My minister used to give what he called “The Big But” sermon. (No lie! It actually kinda made me feel better that even ministers recycle speeches.) The Big But sermon in its most basic format is this: whenever you say something positive followed by “but” and something negative, the person listening only hears the negative.

Example “Child 1 you showed great improvement in your math scores, but what is this low P.E. grade all about?” Child 1 hears “Dude, you suck at P.E.” At least I’m certain that is the phrase my kids say in their head since I’m known for overuse of the word dude around them (still workin’ on uppin’ my street cred!)

This example is actually one of the huge arguments I had with the former Mr. on a regular basis. In fact just this week, 4 years post divorce when he was telling me about the boys report cards from the last term, “Child 1 you went up in everything and had great scores, but your P.E. grade fell.” DUDE, I bit my tongue and nearly drew blood holding back the words I wanted to scream “CAN’T YOU JUST TELL HIM HE DID SOMETHING RIGHT WITHOUT POINTING OUT WHAT HE DID WRONG????”

I digress…happens to the best of us divorced folks!

Basically the point of my minister’s sermon and something I have tried to put into practice with the kids and in every other relationship in my life is this: Sometimes it just needs to be about the praise!

Not every incident needs to be a learning experience, not every flaw needs to be pointed out….sometimes it just needs to be about the praise!

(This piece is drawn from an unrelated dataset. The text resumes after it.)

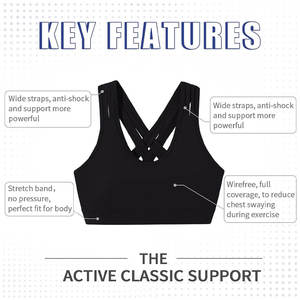 Soutien-gorge de sport push-up personnalisé pour femme, extensible dans quatre directions, dos croisé, haut de sport uni, vêtements de fitness pour la gym, soutien-gorge de sport pour femme - Product Image 6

“Wow, you did an awesome job on the picture!” – to a child

“You look amazing!” – to the person who has been working her ass off in my weights class for 6 months

“Thank you for all of the help today! The store ran so much better because of you!” – to the employee who often needs a lot of direction

I know that I do not always practice “the praise”…sometimes I get bogged down, irritated, annoyed and generally fed up with life, and my conversations are full of “big buts”. And other times life does need to be about the learning…

…But I try!

I was reminded of the Big But sermon today at work when I received the following email from the V.P. of Retail for my company:

Missy—LOVE reading this!! This is the type of service we want to consistently be known for across the company! You’ve set the bar high!

His email to me, along with the one I received from the Head of Operations, was in response to this email sent to the corporate office:

Date: Tue, Jul 9, 2013 at 3:05 PM
Subject: Outstanding Customer Service – Merrimack (New Hampshire) Premium Outlet – Asics Store
To: CustomerCare@asicsamerica.com

I am writing in hopes that Executive Management responsible for the Asics Outlet Store in Merrimack (New Hampshire) will hear about the outstanding service extended to its customers by the Store Manager, Missy and her team.   Our initial telephone inquiry about available volleyball footwear and apparel with Missy, led to a road trip from Boston, Massachusetts to the Asics outlet (only outlet store in the Northeast).  It presented the opportunity to observe in person how professional and knowledgeable Missy is in her interaction with customers and her mentoring of her staff.  Its clear her staff members hold her in high regard and her work ethics inspires them. 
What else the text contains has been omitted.